___ Exercise input
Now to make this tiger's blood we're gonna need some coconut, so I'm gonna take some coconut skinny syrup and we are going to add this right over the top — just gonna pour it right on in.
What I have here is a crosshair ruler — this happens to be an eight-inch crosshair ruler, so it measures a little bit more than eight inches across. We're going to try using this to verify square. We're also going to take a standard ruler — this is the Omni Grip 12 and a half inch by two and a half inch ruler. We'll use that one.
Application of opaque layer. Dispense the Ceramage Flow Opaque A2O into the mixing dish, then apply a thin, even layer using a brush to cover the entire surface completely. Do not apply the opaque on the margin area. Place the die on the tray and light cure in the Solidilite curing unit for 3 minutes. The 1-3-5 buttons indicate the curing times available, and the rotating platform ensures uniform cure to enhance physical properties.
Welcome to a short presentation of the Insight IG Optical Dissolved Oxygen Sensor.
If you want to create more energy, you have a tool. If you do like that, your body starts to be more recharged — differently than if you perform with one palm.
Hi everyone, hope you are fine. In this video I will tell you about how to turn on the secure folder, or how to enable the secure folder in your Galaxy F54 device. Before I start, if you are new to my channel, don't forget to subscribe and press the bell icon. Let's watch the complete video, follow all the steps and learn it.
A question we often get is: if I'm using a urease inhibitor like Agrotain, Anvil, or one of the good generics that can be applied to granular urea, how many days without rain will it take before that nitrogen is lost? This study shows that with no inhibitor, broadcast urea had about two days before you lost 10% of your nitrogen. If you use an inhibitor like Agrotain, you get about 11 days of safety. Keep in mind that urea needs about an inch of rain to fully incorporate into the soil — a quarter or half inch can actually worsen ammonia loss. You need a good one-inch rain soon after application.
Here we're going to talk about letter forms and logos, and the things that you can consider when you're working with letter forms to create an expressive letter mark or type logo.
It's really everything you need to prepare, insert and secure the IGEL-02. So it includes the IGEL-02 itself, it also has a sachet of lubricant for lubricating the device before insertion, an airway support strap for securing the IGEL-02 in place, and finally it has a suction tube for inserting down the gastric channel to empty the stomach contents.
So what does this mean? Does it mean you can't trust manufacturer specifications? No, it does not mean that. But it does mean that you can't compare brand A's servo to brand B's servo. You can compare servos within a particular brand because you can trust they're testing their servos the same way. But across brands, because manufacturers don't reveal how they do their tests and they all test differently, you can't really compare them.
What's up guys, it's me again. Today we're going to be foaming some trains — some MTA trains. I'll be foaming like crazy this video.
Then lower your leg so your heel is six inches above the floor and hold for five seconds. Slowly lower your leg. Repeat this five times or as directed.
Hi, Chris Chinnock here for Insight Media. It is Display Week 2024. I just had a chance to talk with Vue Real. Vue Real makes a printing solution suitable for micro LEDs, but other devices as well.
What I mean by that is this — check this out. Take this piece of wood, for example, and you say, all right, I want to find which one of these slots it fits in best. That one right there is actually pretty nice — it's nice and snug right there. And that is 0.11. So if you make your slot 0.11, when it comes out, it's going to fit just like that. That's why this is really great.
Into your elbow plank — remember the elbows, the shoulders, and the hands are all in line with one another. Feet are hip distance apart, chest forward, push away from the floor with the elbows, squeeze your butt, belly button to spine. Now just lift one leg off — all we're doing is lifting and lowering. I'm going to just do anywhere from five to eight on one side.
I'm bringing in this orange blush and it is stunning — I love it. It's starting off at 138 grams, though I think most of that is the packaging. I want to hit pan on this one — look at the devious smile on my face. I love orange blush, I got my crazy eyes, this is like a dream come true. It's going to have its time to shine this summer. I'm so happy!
______
Assigned task :: Write the records above out again precisely.

Your response ::
Now to make this tiger's blood we're gonna need some coconut, so I'm gonna take some coconut skinny syrup and we are going to add this right over the top — just gonna pour it right on in.
What I have here is a crosshair ruler — this happens to be an eight-inch crosshair ruler, so it measures a little bit more than eight inches across. We're going to try using this to verify square. We're also going to take a standard ruler — this is the Omni Grip 12 and a half inch by two and a half inch ruler. We'll use that one.
Application of opaque layer. Dispense the Ceramage Flow Opaque A2O into the mixing dish, then apply a thin, even layer using a brush to cover the entire surface completely. Do not apply the opaque on the margin area. Place the die on the tray and light cure in the Solidilite curing unit for 3 minutes. The 1-3-5 buttons indicate the curing times available, and the rotating platform ensures uniform cure to enhance physical properties.
Welcome to a short presentation of the Insight IG Optical Dissolved Oxygen Sensor.
If you want to create more energy, you have a tool. If you do like that, your body starts to be more recharged — differently than if you perform with one palm.
Hi everyone, hope you are fine. In this video I will tell you about how to turn on the secure folder, or how to enable the secure folder in your Galaxy F54 device. Before I start, if you are new to my channel, don't forget to subscribe and press the bell icon. Let's watch the complete video, follow all the steps and learn it.
A question we often get is: if I'm using a urease inhibitor like Agrotain, Anvil, or one of the good generics that can be applied to granular urea, how many days without rain will it take before that nitrogen is lost? This study shows that with no inhibitor, broadcast urea had about two days before you lost 10% of your nitrogen. If you use an inhibitor like Agrotain, you get about 11 days of safety. Keep in mind that urea needs about an inch of rain to fully incorporate into the soil — a quarter or half inch can actually worsen ammonia loss. You need a good one-inch rain soon after application.
Here we're going to talk about letter forms and logos, and the things that you can consider when you're working with letter forms to create an expressive letter mark or type logo.
It's really everything you need to prepare, insert and secure the IGEL-02. So it includes the IGEL-02 itself, it also has a sachet of lubricant for lubricating the device before insertion, an airway support strap for securing the IGEL-02 in place, and finally it has a suction tube for inserting down the gastric channel to empty the stomach contents.
So what does this mean? Does it mean you can't trust manufacturer specifications? No, it does not mean that. But it does mean that you can't compare brand A's servo to brand B's servo. You can compare servos within a particular brand because you can trust they're testing their servos the same way. But across brands, because manufacturers don't reveal how they do their tests and they all test differently, you can't really compare them.
What's up guys, it's me again. Today we're going to be foaming some trains — some MTA trains. I'll be foaming like crazy this video.
Then lower your leg so your heel is six inches above the floor and hold for five seconds. Slowly lower your leg. Repeat this five times or as directed.
Hi, Chris Chinnock here for Insight Media. It is Display Week 2024. I just had a chance to talk with Vue Real. Vue Real makes a printing solution suitable for micro LEDs, but other devices as well.
What I mean by that is this — check this out. Take this piece of wood, for example, and you say, all right, I want to find which one of these slots it fits in best. That one right there is actually pretty nice — it's nice and snug right there. And that is 0.11. So if you make your slot 0.11, when it comes out, it's going to fit just like that. That's why this is really great.
Into your elbow plank — remember the elbows, the shoulders, and the hands are all in line with one another. Feet are hip distance apart, chest forward, push away from the floor with the elbows, squeeze your butt, belly button to spine. Now just lift one leg off — all we're doing is lifting and lowering. I'm going to just do anywhere from five to eight on one side.
I'm bringing in this orange blush and it is stunning — I love it. It's starting off at 138 grams, though I think most of that is the packaging. I want to hit pan on this one — look at the devious smile on my face. I love orange blush, I got my crazy eyes, this is like a dream come true. It's going to have its time to shine this summer. I'm so happy!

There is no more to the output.